The Shrike frowns. She has listened to Elias’s advice—and offered her own to him—her whole life. What if he’s right? I can practically hear her thinking it. Elias catches my eye—he’s looking for an opening just like I am.
“Find my grandfather,” Elias says. “If you want to take her down, you need to understand how she thinks. Quin knows Keris better than anyone else alive.”
“Quin’s left the Empire,” the Shrike says.
“If my grandfather has left the Empire,” Elias says, “then cats can fly. Wherever Keris is, he’ll be close by, waiting for her to make a mistake. He’s not stupid enough to use one of his own estates. And he won’t be alone. He has many men still loyal—”
“It doesn’t matter.” The Blood Shrike waves away Elias’s advice. “Keris and that creature she keeps around—”
My stomach plunges. The Nightbringer. She means the Nightbringer.
“—are up to something,” the Shrike says. “I need to destroy her before she destroys the Empire. I spent weeks hunting Quin Veturius. I don’t have the time to do it again.”
Elias shifts in his seat—he is preparing to make his move. The Shrike’s loosened her grip on me, and I squeeze my hands together, bending, pulling, doing anything I can to wriggle out of the binding without giving it away. My slick palms grease the rope. It is not enough.
“You want to destroy her.” Elias’s manacles clink. Something flashes near his hands. Lock picks? How the hells did he sneak them past Avitas? “Just remember that she’ll do things you’re not willing to. She will find your weakness and exploit it. It’s what she does best.”
When Elias shifts his arm, the Shrike whips her head toward him, eyes narrowing.

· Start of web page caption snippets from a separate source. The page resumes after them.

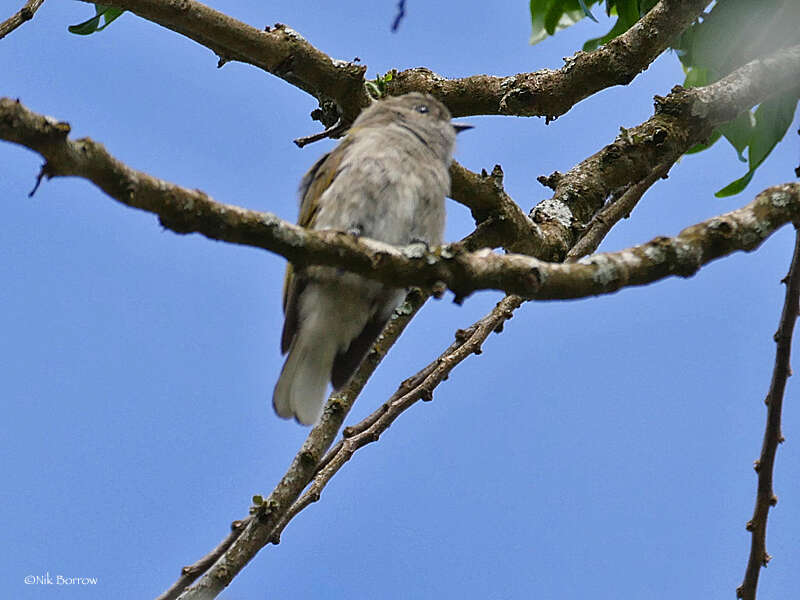 Image of Green-backed Honeybird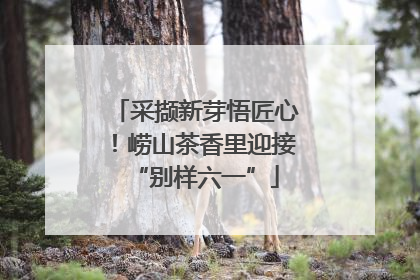 采撷新芽悟匠心！崂山茶香里迎接“别样六一”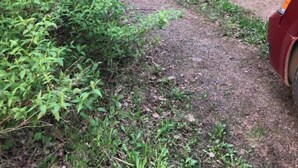 A dirt path winding through a forested area with dense greenery on both sides. - Haven at Loon Lake (Grand Marais)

At that moment, Harper enters.
“Wagon’s ready, Shrike,” he says.
“Take her.” She shoves me at Avitas. “Keep a knife at her throat.” Harper pulls me close, and I ease back from his blade. If I could just distract the Shrike and Avitas for a moment, enough for Elias to attack . . .
I use a trick Elias taught me when we traveled together. I kick Avitas in the soft place between his foot and leg and then drop like a hammer from a roof.

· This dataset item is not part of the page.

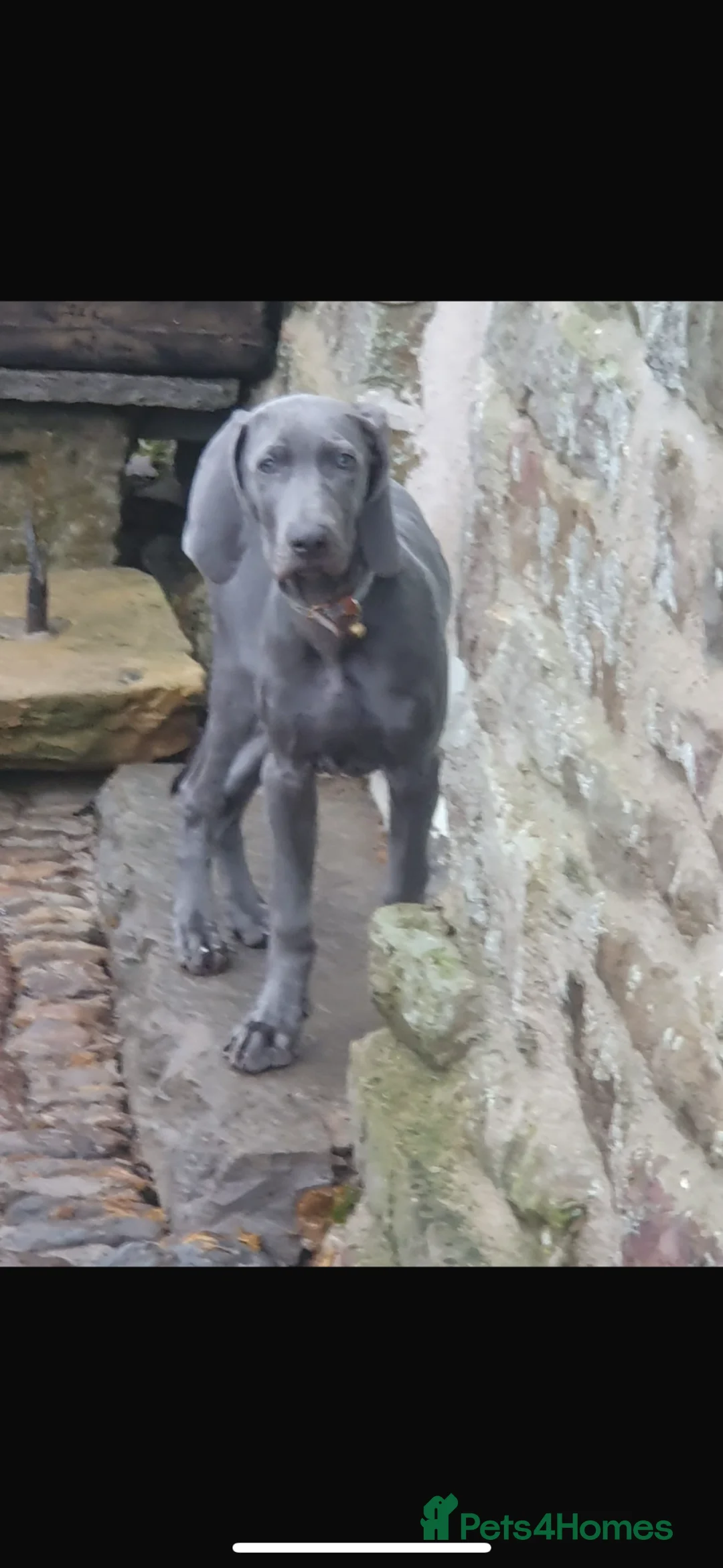 Weimaraner dogs for sale: Weimarana 6month Male in Sedbergh - Advert 1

Avitas curses, the Shrike turns, and Elias shoots from his seat, free of his manacles. He dives for his blades in less time than it takes to blink. A knife whooshes through the air above my head, and Harper ducks, dragging me with him. The Blood Shrike roars, but Elias is on her, using his bulk to bowl her over. He’s got her pinned, a knife at her throat, but something glimmers at her wrist. She has a blade. Skies, she’s going to stab him.
“Elias!” I shout a warning when suddenly, his body goes rigid.
A gasp bursts from his throat. The knife falls from his hand, and in a second, the Shrike has wriggled out from beneath him, lips curled in a sneer.
“Laia.” Elias’s eyes communicate his rage. His helplessness. And then darkness fills the room. I see the swing of long dark hair, a flash of brown skin. Depthless black eyes bore into me. Shaeva.